Caption-style text data
· · · · ·
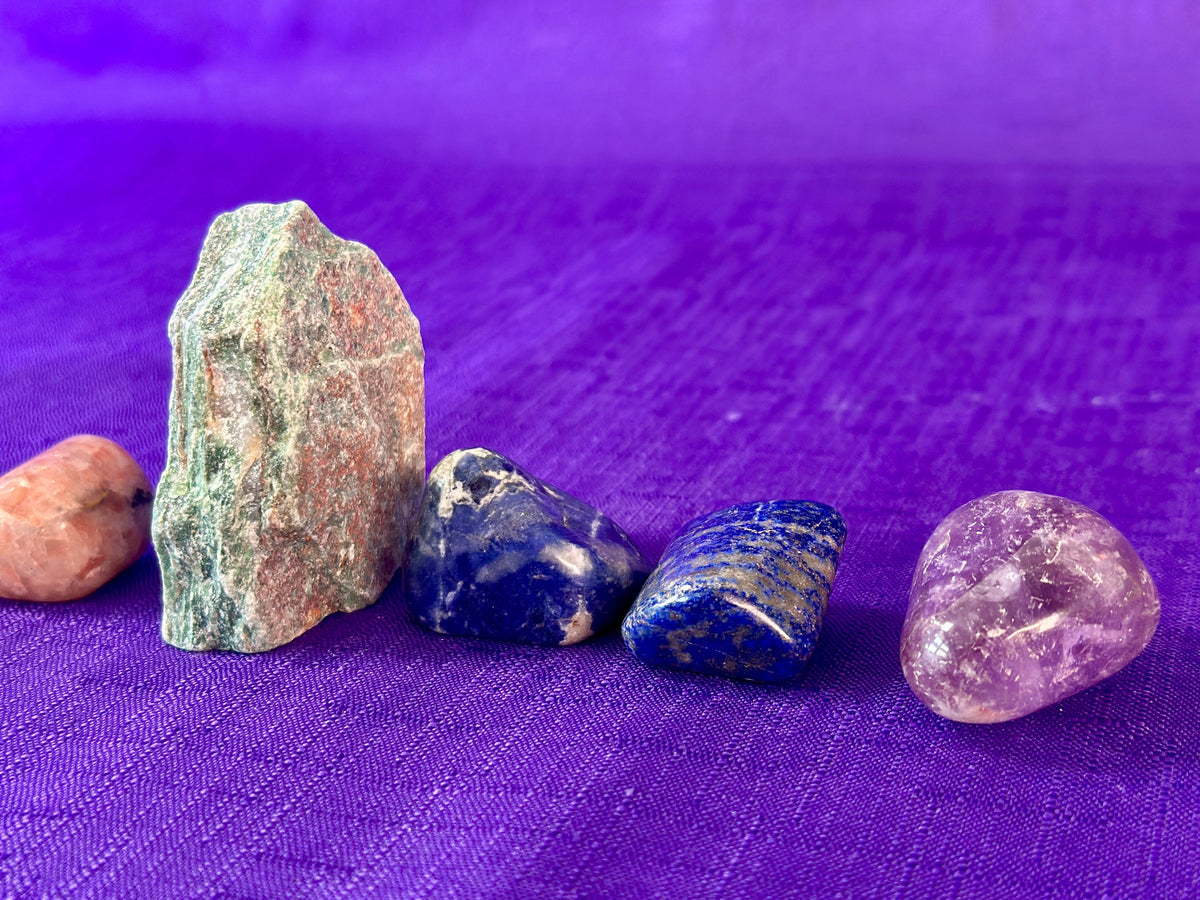 All 7 Chakras Crystal Grid Set - For Beginners or Experts - Crystal, Energy Healing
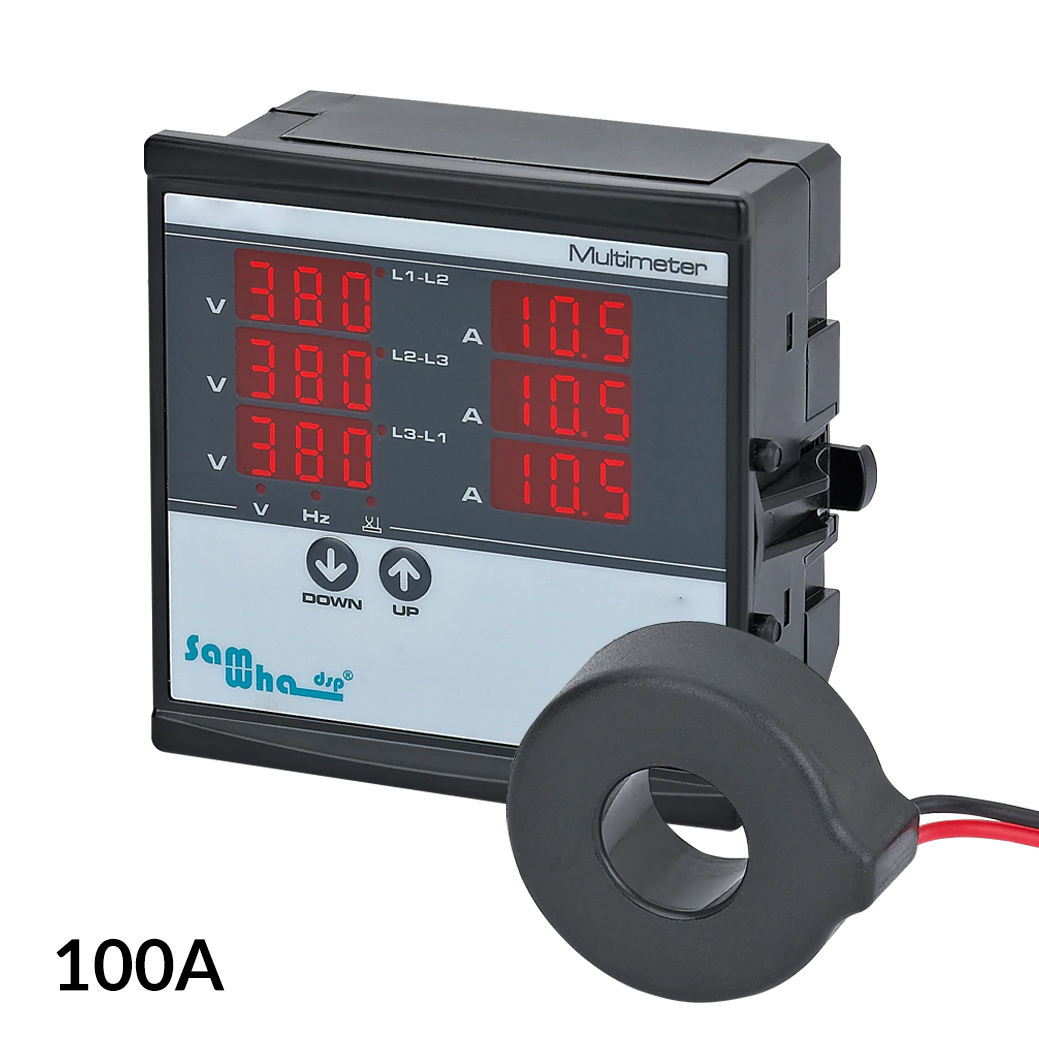 Voltmètre ampèremètre numérique AC 50-500V 0-100A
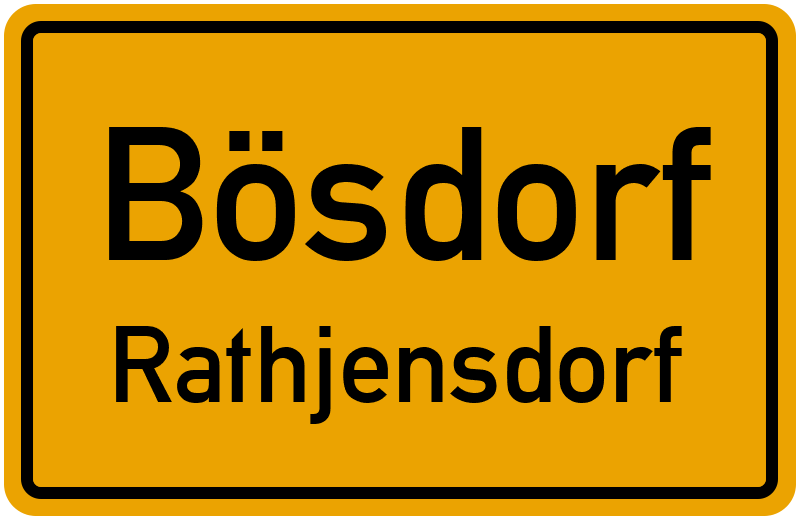 Ortsschild Bösdorf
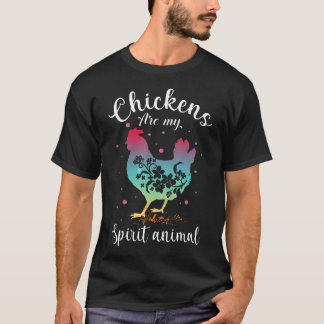 Camiseta As Galinhas São Meu Animal Espírito Férias Incríve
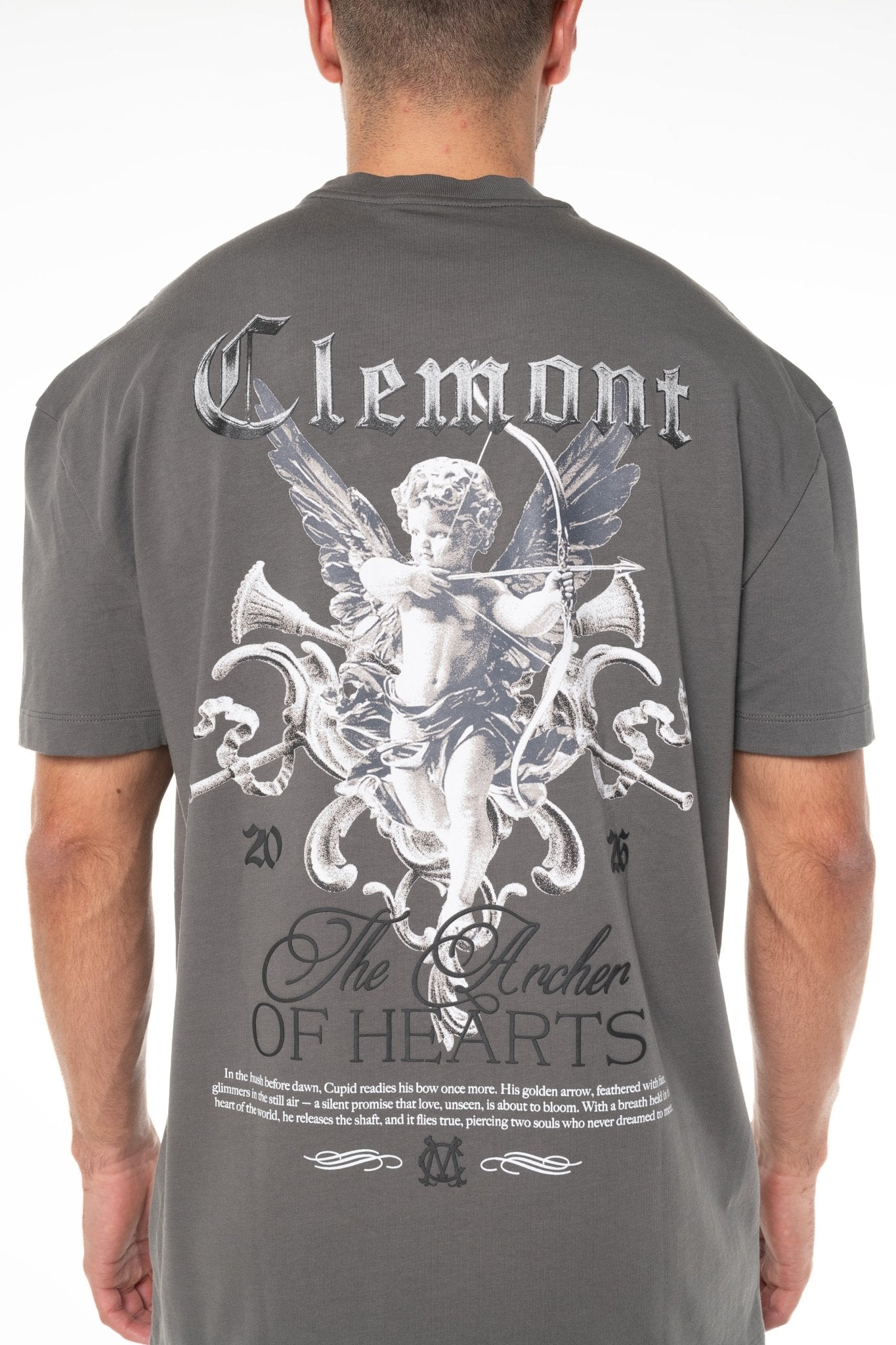 CAMISETA MASCULINA DIMORA GRIS OSCURO CLEMONT - Clemont Oficial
· · · · ·
- Exercise:
Would you repeat the entries exactly, but with no pictures?

- Response for this exercise:
 All 7 Chakras Crystal Grid Set - For Beginners or Experts - Crystal, Energy Healing
 Voltmètre ampèremètre numérique AC 50-500V 0-100A
 Ortsschild Bösdorf
 Camiseta As Galinhas São Meu Animal Espírito Férias Incríve
 CAMISETA MASCULINA DIMORA GRIS OSCURO CLEMONT - Clemont Oficial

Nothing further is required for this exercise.